Even with all this, program management felt that catch-up was still possible. The thirty-five former Cameron employees were performing commendable work equal to their counterparts on other programs. Management considered that the potential cost overrun situation was not in the critical stage, and that more time should be permitted before considering corporate funding.

In December 2006, the Department of Defense announced that there would be no further buys of the Hercules missile. This announcement was a severe blow to Greyson’s management. Not only were they in danger of having to lay off 500 employees, but overhead rates would rise considerably. There was an indication last year that there would be no further buys, but management did not consider the indications positive enough to require corporate strategy changes.

Although Greyson was not unionized, there was a possibility of a massive strike if Greyson career employees were not given seniority over the thirty-five former Cameron employees in the case of layoffs.

By February 2007, the cost situation was clear:

  1. The higher overhead rates threatened to increase total program costs by$1 million on the Neptune Program.
  2. Because the activities were behind schedule, the catch-up phases wouldhave to be made in a higher salary and overhead rate quarter, thus increasing total costs further.
  3. Inventory costs were increasing. Items purchased during long-lead funding were approaching shelf-life limits. Cost impact might be as high as $1 million.

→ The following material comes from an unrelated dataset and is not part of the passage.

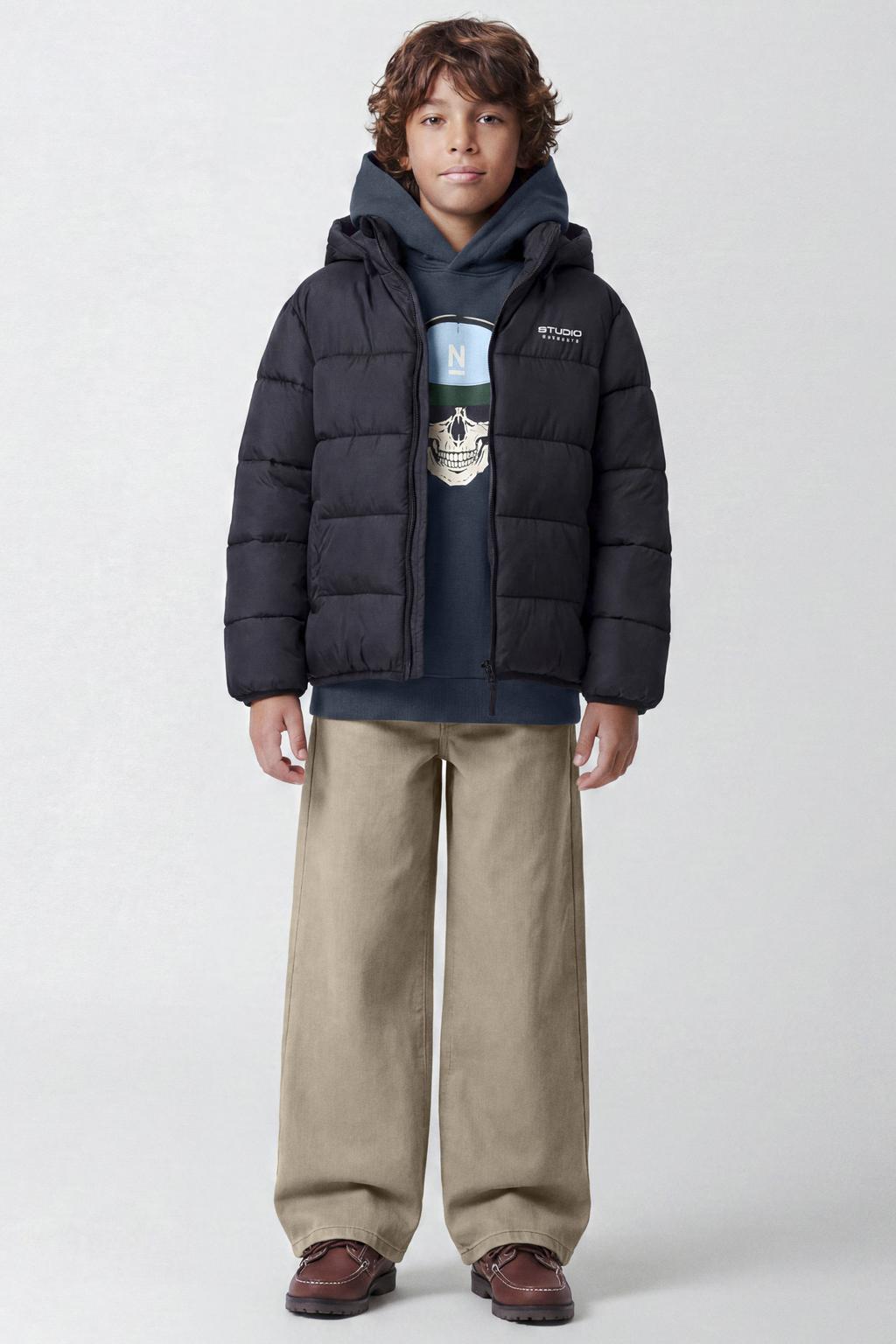 Zwarte jongens NAME IT KIDS gewatteerde winterjas van nylon met effen, lange mouwen, capuchon en ritssluiting
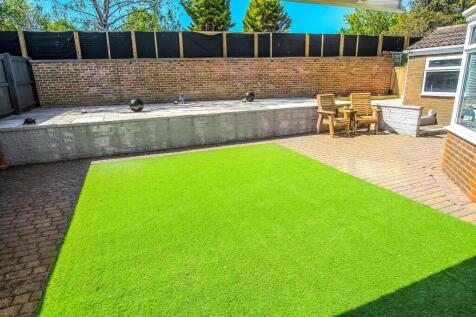 Rear Garden (2).jpg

The vice president and general manager considered the Neptune Program critical to the success and survival of Greyson Corporation. The directors and division heads were ordered to take charge of the program. The following options were considered:

  1. Perform overtime work to get back on schedule.
  2. Delay program activities in hopes that the Navy can come up with additional funding.
  3. Review current material specifications in order to increase material shelflife, thus lowering inventory and procurement costs.
  4. Begin laying off noncritical employees.
  5. Purchase additional tooling and equipment (at corporate expense) so that schedule requirements can be met on target.

On March 1, 2007, Greyson gave merit salary increases to the key employees on all in-house programs. At the same time, Greyson laid off 700 employees, some of whom were seasoned veterans. By March 15, Greyson employees formed a union and went out on strike.

Teloxy Engineering (A)

Teloxy Engineering has received a onetime contract to design and build 10,000 units of a new product. During the proposal process, management felt that the new product could be designed and manufactured at a low cost. One of the ingredients necessary to build the product was a small component that could be purchased for $60 in the marketplace, including quantity discounts. Accordingly, management budgeted $650,000 for the purchasing and handling of 10,000 components plus scrap.

During the design stage, your engineering team informs you that the final design will require a somewhat higher-grade component that sells for $72 with quantity discounts. The new price is substantially higher than you had budgeted for. This will create a cost overrun.

You meet with your manufacturing team to see if they can manufacture the component at a cheaper price than buying it from the outside. Your manufacturing team informs you that they can produce a maximum of 10,000 units, just enough to fulfill your contract. The setup cost will be $100,000 and the raw material cost is $40 per component. Since Teloxy has never manufactured this product before, manufacturing expects the following defects:

% defective 0 10 20 30 40 probability of 10 20 30 25 15 occurrence (%)

All defective parts must be removed and repaired at a cost of $120 per part.


  1. Using expected value, is it economically better to make or buy the component?
  2. Strategically thinking, why might management opt for other than the most economical choice?

Teloxy Engineering (B)

Your manufacturing team informs you that they have found a way to increase the size of the manufacturing run from 10,000 to 18,000 units, in increments of 2,000 units. However, the setup cost will be $150,000 and defects will cost the same $120 for removal and repair.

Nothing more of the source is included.